Gevangenisstraf en tbs-maatregel
De deskundigen die de Pro Justitia-rapportages hebben opgemaakt, schatten het recidiverisico in als hoog en concluderen daarnaast dat de verdachte zeer beperkt leerbaar is en dat hij niet gemotiveerd is voor behandeling. In het verleden is reclasseringstoezicht negatief beëindigd. Intensief reclasseringscontact en het inzetten van controlemiddelen hebben niet tot gedragsverandering geleid. De reclassering ziet dan ook geen mogelijkheden om het recidiverisico in te beperken door middel van bijzondere voorwaarden. De rechtbank is hierom van oordeel dat een deels voorwaardelijke gevangenisstraf met bijzondere voorwaarden geen passende sanctie is.
Alles afwegende is de rechtbank van oordeel dat, gelet op de ernst van de feiten, niet kan worden volstaan met een andere straf dan een geheel onvoorwaardelijke gevangenisstraf.
Op grond van hetgeen hiervoor is overwogen, is de rechtbank ook van oordeel dat de algemene veiligheid van personen eist dat aan de verdachte de maatregel van terbeschikkingstelling met verpleging van overheidswege moet worden opgelegd. De verdachte is eerder voor soortgelijke ernstige feiten veroordeeld en heeft zich eerder niet aan de voorwaarden bij een deels voorwaardelijke straf gehouden, waarop zijn straf ten uitvoer is gelegd. Vervolgens heeft hij vrij snel daarna onderhavige feiten gepleegd, waarbij het risico op herhaling naar het oordeel van de rechtbank, gelet op de persoon van de verdachte zoals dat uit de rapportages en het dossier naar voren komt, hoog te achten is. De rechtbank is van oordeel dat het opnieuw opleggen van alleen een gevangenisstraf aan de verdachte, de maatschappij onvoldoende zou beveiligen. De verdachte zal gedurende de terbeschikkingstelling worden verpleegd en zal pas resocialiseren wanneer hij daartoe de vereiste stappen heeft doorlopen waardoor de maatschappij wordt beschermd en de verdachte beter is voorbereid op zijn terugkeer in de maatschappij dan na alleen een kale gevangenisstraf.
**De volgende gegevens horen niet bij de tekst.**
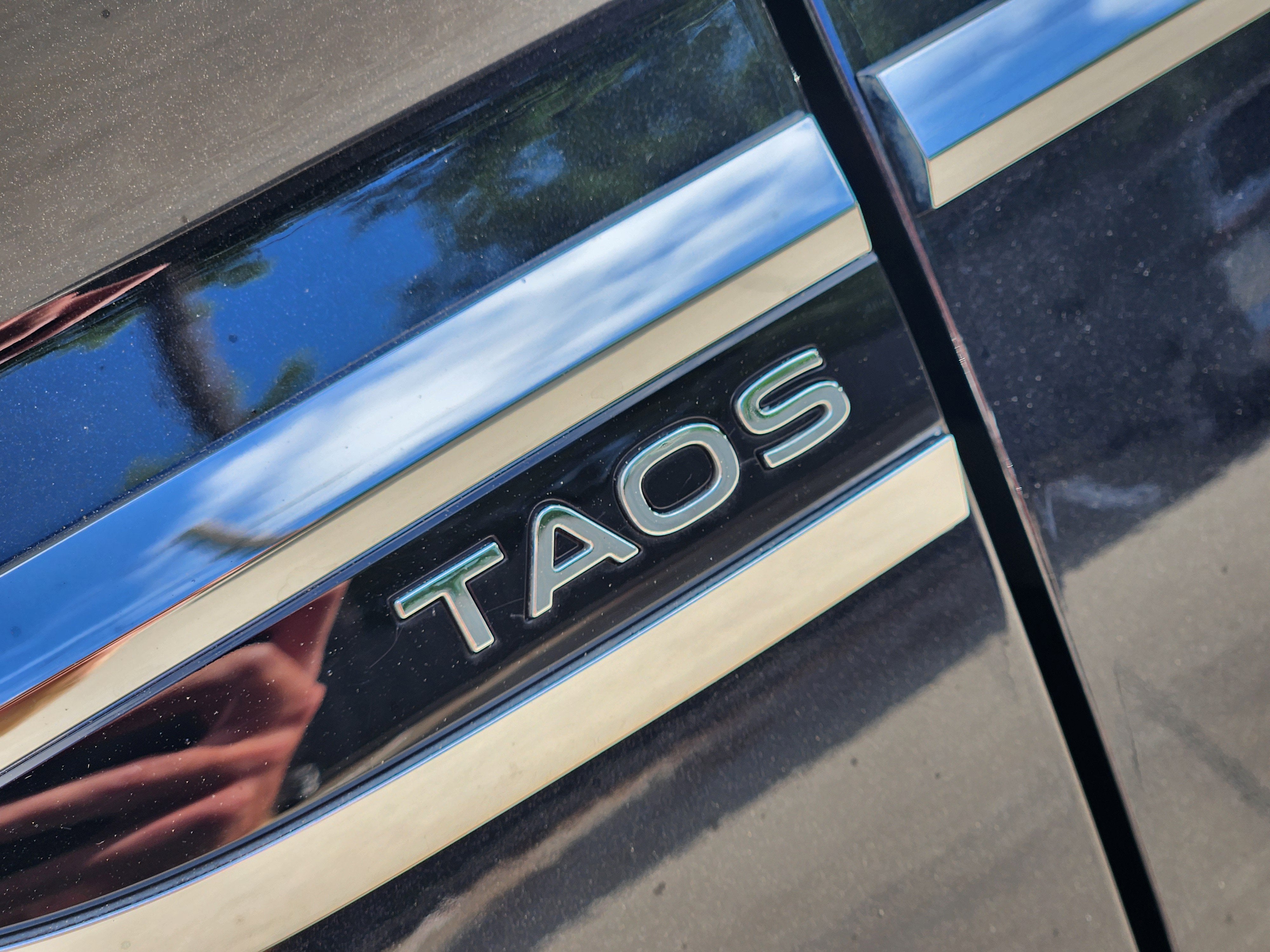 2024 Volkswagen Taos S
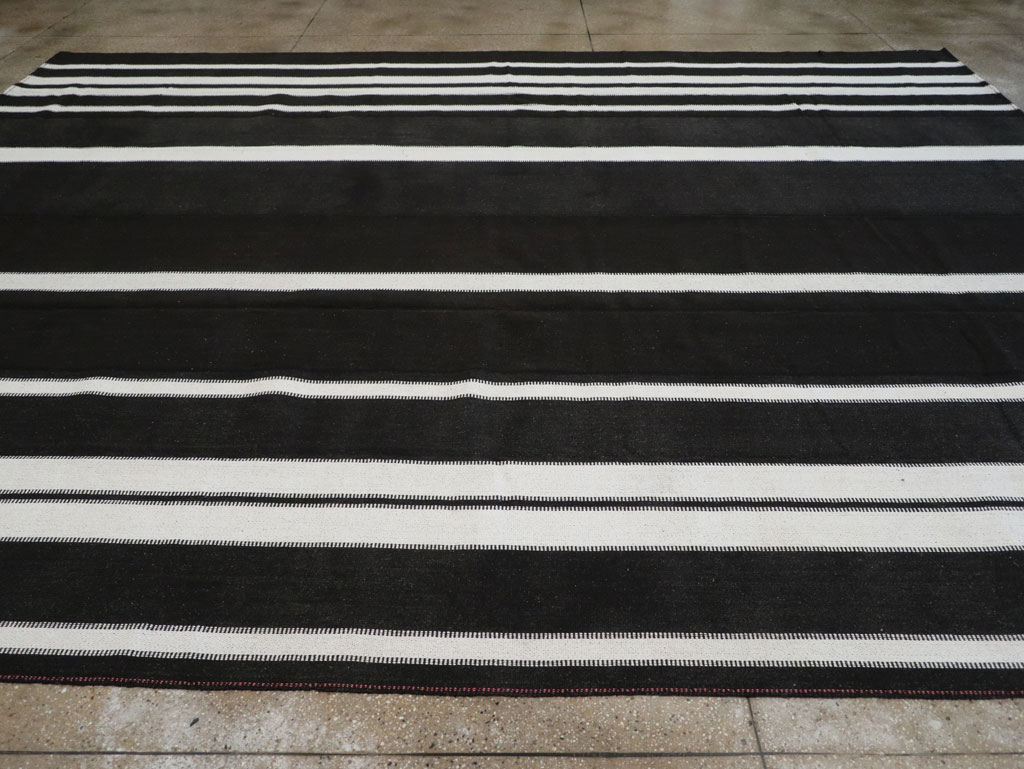 Modern Turkish Flatweave Kilim Large Room Size Carpet, No.30915 - Gss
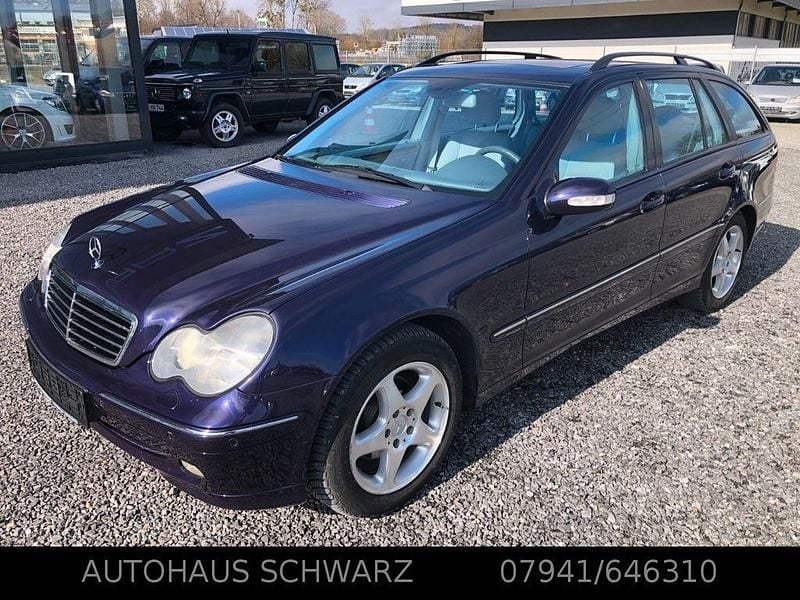 Gebraucht Mercedes C220 Avantgarde 143 PS (105 kW) 2001 Violet Kombi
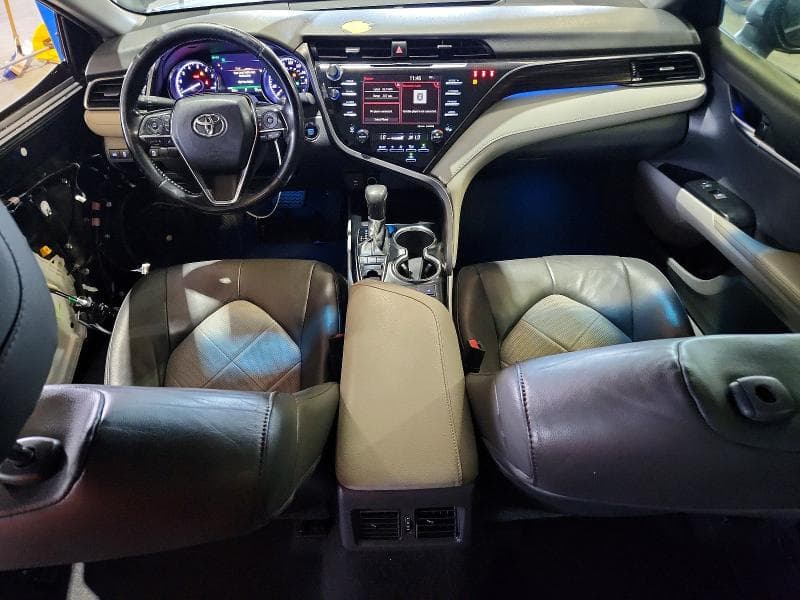 2019 TOYOTA CAMRY XLE 8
De rechtbank heeft voorts overwogen dat de maatregel van terbeschikkingstelling met verpleging van overheidswege wordt opgelegd ter zake van een misdrijf dat gericht is tegen of gevaar veroorzaakt voor de onaantastbaarheid van het lichaam van een of meer personen, te weten voorbereiding van met iemand, die de leeftijd van twaalf jaren maar nog niet die van zestien jaren heeft bereikt, buiten echt, ontuchtige handelingen plegen die bestaan uit of mede bestaan uit het seksueel binnendringen van het lichaam (vgl.ECLI:NL:HR:2020:1085). De totale duur van de op te leggen maatregel kan daarom een periode van vier jaar te boven gaan.